____ Records for this task
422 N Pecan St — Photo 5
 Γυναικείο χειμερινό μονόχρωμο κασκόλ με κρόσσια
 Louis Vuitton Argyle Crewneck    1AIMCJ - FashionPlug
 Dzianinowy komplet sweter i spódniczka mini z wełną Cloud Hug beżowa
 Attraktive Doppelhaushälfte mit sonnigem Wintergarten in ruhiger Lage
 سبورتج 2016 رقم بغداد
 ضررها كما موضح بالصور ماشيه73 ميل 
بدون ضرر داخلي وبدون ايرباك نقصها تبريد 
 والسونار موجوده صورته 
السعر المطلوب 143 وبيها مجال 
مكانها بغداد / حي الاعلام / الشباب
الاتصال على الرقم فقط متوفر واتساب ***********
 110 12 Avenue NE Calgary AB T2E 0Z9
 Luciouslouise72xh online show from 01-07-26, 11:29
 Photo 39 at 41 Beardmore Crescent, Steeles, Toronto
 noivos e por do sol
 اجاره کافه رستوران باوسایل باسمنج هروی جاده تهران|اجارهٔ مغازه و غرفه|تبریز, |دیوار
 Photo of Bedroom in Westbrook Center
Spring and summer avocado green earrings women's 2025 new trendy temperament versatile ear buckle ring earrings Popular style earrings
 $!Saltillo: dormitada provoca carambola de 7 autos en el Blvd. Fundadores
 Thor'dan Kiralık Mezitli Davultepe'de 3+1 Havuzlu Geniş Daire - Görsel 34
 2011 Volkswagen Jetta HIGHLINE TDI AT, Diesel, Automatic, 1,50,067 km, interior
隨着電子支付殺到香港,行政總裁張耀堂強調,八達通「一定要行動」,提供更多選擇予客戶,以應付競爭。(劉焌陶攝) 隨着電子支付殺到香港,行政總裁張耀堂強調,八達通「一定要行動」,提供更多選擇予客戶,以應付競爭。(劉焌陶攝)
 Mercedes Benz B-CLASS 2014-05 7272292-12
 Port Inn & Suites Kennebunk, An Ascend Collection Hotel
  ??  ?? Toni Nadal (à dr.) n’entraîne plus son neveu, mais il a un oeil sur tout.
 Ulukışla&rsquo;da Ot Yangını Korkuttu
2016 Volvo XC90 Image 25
________
Copy the entries above exactly. Miss none of them.

▸ **Output for this exercise**
422 N Pecan St — Photo 5
 Γυναικείο χειμερινό μονόχρωμο κασκόλ με κρόσσια
 Louis Vuitton Argyle Crewneck    1AIMCJ - FashionPlug
 Dzianinowy komplet sweter i spódniczka mini z wełną Cloud Hug beżowa
 Attraktive Doppelhaushälfte mit sonnigem Wintergarten in ruhiger Lage
 سبورتج 2016 رقم بغداد
 ضررها كما موضح بالصور ماشيه73 ميل 
بدون ضرر داخلي وبدون ايرباك نقصها تبريد 
 والسونار موجوده صورته 
السعر المطلوب 143 وبيها مجال 
مكانها بغداد / حي الاعلام / الشباب
الاتصال على الرقم فقط متوفر واتساب ***********
 110 12 Avenue NE Calgary AB T2E 0Z9
 Luciouslouise72xh online show from 01-07-26, 11:29
 Photo 39 at 41 Beardmore Crescent, Steeles, Toronto
 noivos e por do sol
 اجاره کافه رستوران باوسایل باسمنج هروی جاده تهران|اجارهٔ مغازه و غرفه|تبریز, |دیوار
 Photo of Bedroom in Westbrook Center
Spring and summer avocado green earrings women's 2025 new trendy temperament versatile ear buckle ring earrings Popular style earrings
 $!Saltillo: dormitada provoca carambola de 7 autos en el Blvd. Fundadores
 Thor'dan Kiralık Mezitli Davultepe'de 3+1 Havuzlu Geniş Daire - Görsel 34
 2011 Volkswagen Jetta HIGHLINE TDI AT, Diesel, Automatic, 1,50,067 km, interior
隨着電子支付殺到香港,行政總裁張耀堂強調,八達通「一定要行動」,提供更多選擇予客戶,以應付競爭。(劉焌陶攝) 隨着電子支付殺到香港,行政總裁張耀堂強調,八達通「一定要行動」,提供更多選擇予客戶,以應付競爭。(劉焌陶攝)
 Mercedes Benz B-CLASS 2014-05 7272292-12
 Port Inn & Suites Kennebunk, An Ascend Collection Hotel
  ??  ?? Toni Nadal (à dr.) n’entraîne plus son neveu, mais il a un oeil sur tout.
 Ulukışla&rsquo;da Ot Yangını Korkuttu
2016 Volvo XC90 Image 25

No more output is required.